Feds Crack Down on Medical Marijuana in California

Jars of medical marijuana are lined up on a counter in Los Angeles dispensary. Credit: Kevork Djansezian/Getty Images

As a presidential candidate, Barack Obama said the federal government shouldn't waste its time going after medical marijuana users and dispensaries operating legally under state laws. Likewise, early in President Obama's term, Attorney General Eric Holder indicated that his Justice Department had higher priorities than busting medical pot shops. So ... what's up with the feds announcing a major pot crackdown in California?

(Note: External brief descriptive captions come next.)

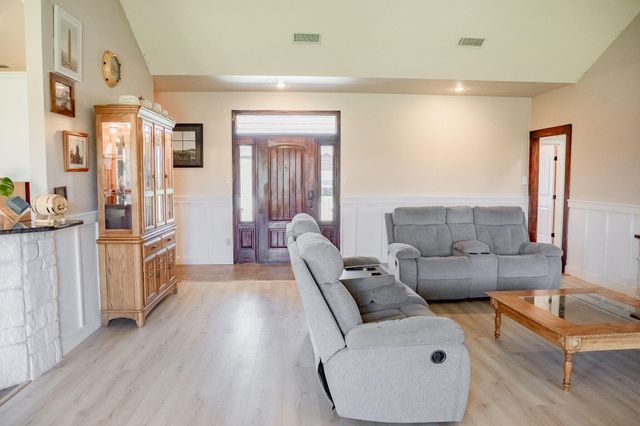 510 Avenue S, Shallowater, TX 79363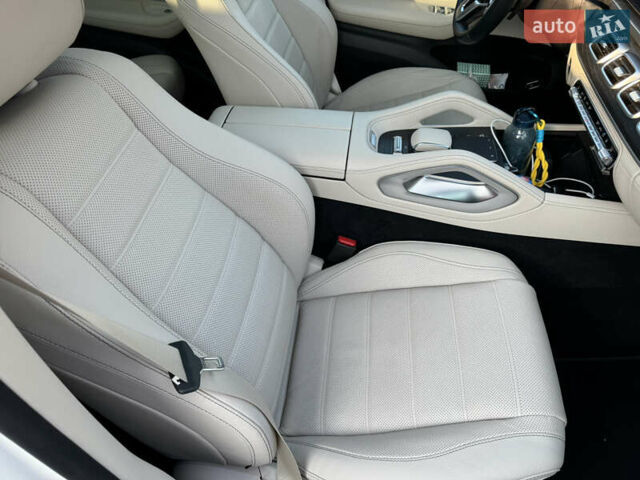 Белый Мерседес ГЛЕ-Класс, объемом двигателя 1.95 л и пробегом 38 тыс. км за 90000 $, фото 20 на Automoto.ua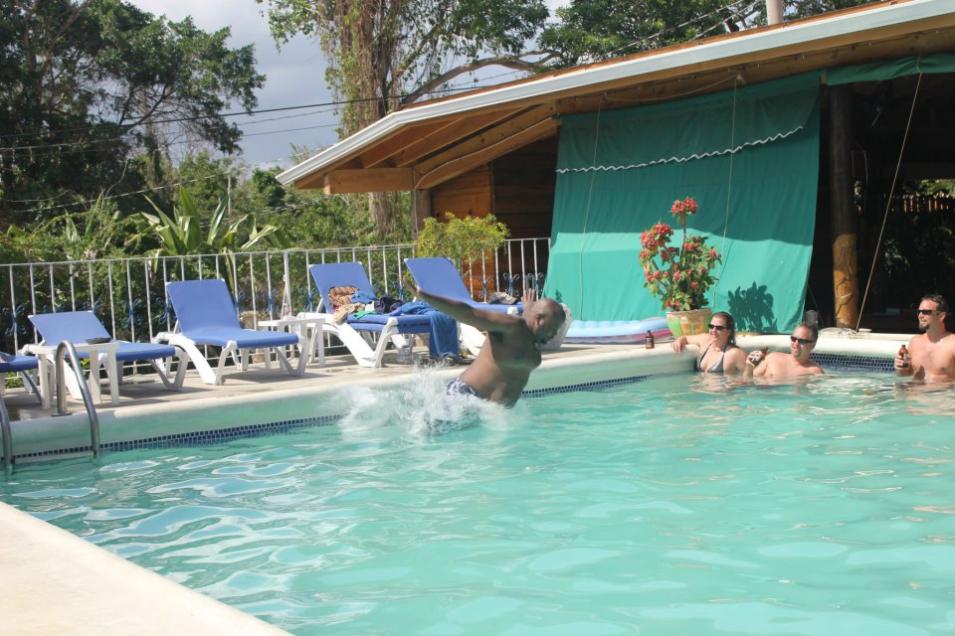 Name:  raul360splash.jpg
Views: 1298
Size:  96.6 KB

The state's four United States attorneys announced at a news conference in Sacramento today that they've dailed up efforts to curb marijuana farming and retail sales of pot under the state's 15-year-old law. Federal prosecutors have sent out letters ordering dozens of medical marijuana dispensaries to shut down in 45 days or face criminal charges, AP reports. They're not going after every shop in the state, but targeting those located close to schools, parks, sports fields and other places where there are a lot of children (which, come on, covers a lot of ground) and what U.S. Attorney Benjamin Wagner called "significant commercial operations."

What's going on? In an email sent out just before the news conference, Ethan Nadelmann of the pro-medical marijuana Drug Policy Alliance said, "The Obama administration’s latest moves strongly suggest that their medical marijuana policies are now being driven by over-zealous prosecutors and the anti-marijuana ideologues who dominated policymaking in past administrations. ... Instead of encouraging state and local authorities to regulate medical marijuana distribution in the interests of public safety and health, his administration seems determined to re-criminalize as much as possible."